According to the Natural Center for Climatology of Iran, northwest provinces of Iran are mountainous and have cool weather. However, most areas in east and central Iran have warm and dry weather, and people are exposed to direct sunlight. Many people in these counties have outdoor occupations (such as working on farms), have special diets (such as eating spicy food) and consume unique opiate (Naswar). Unfortunately, there is no study with a focus on spatial modeling that identifies the geographic pattern of male breast cancer in Iran. Hence, this paper was designed to fill this gap. However, due to the lack of an appropriate registration method, we performed a simple model without covariates and environmental factors. We hope that in the near future, the quality of cancer data registration improves, making it possible to investigate environmental causes by statistical analysis.
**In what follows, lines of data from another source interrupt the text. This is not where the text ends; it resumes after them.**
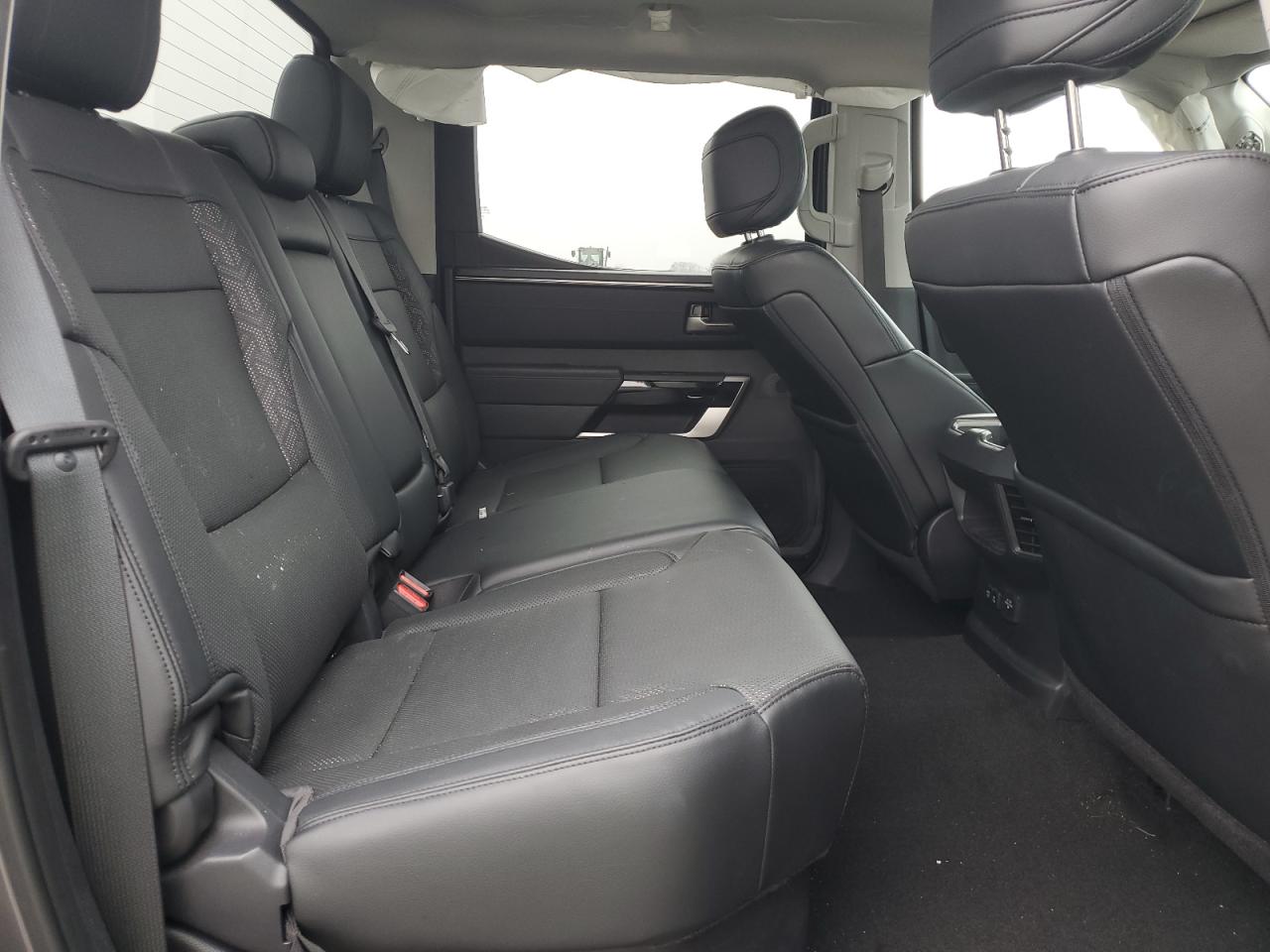 2022 Toyota Tundra - Image 11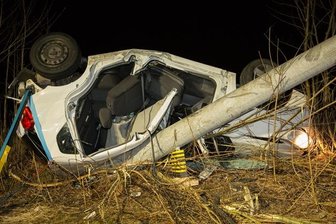 Unfälle in Elterlein und Oberwiesenthal: Feuerwehr befreit Männer aus ihren Autos - Bei dem Unfall in Elterlein erlitt der Fahrer dieses Wagens schwere Verletzungen.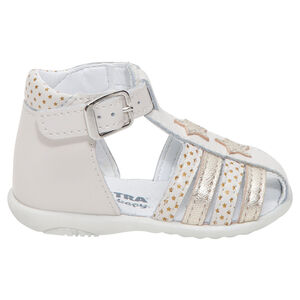 Sandalias de cuero con estrellas y tiras brillantes 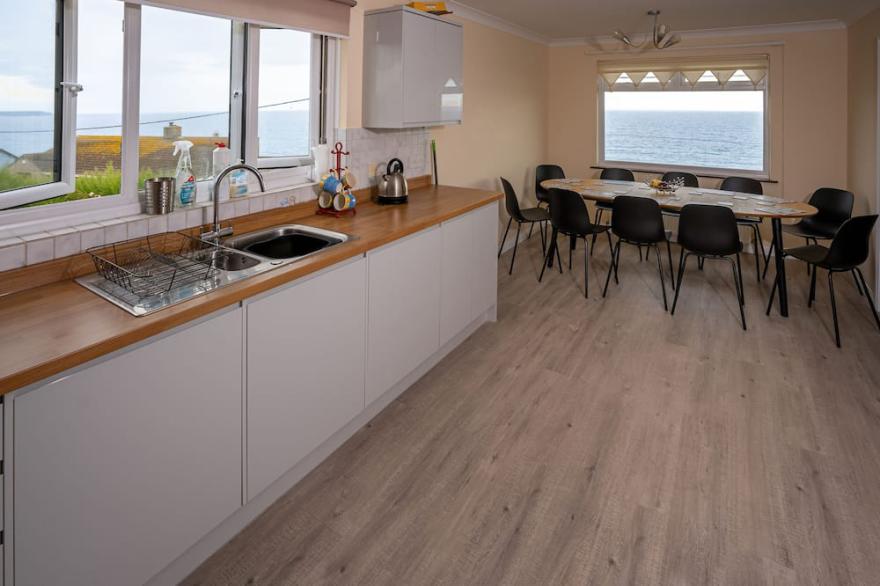 Fantastic views of the whole of the bay Porthleven
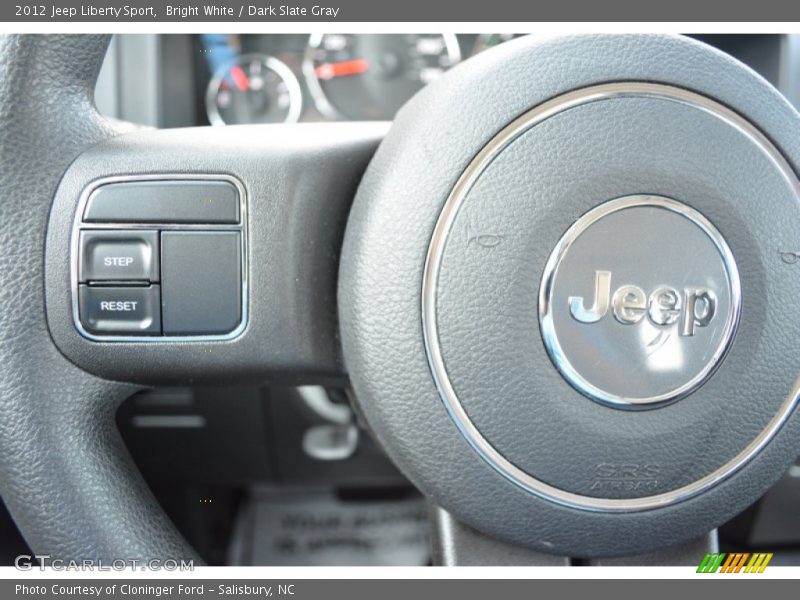 Bright White / Dark Slate Gray 2012 Jeep Liberty Sport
Further researches, in order to expand models to other fields, can investigate the BYM2 behavior in spatiotemporal models to zero-inflated data by considering other types of zeros and/or other distributions instead of the Poisson distribution.

7. Conclusions

This study showed that the joint model for mapping of zero-inflated data in combination with the spatial models performs well, without convergence problem, by INLA method. According to selection criteria there are slightly difference between the BYM and BYM2 models. Therefore, the spatial joint model in combination with the BYM2 model using INLA can be used for disease mapping of zero-inflated data.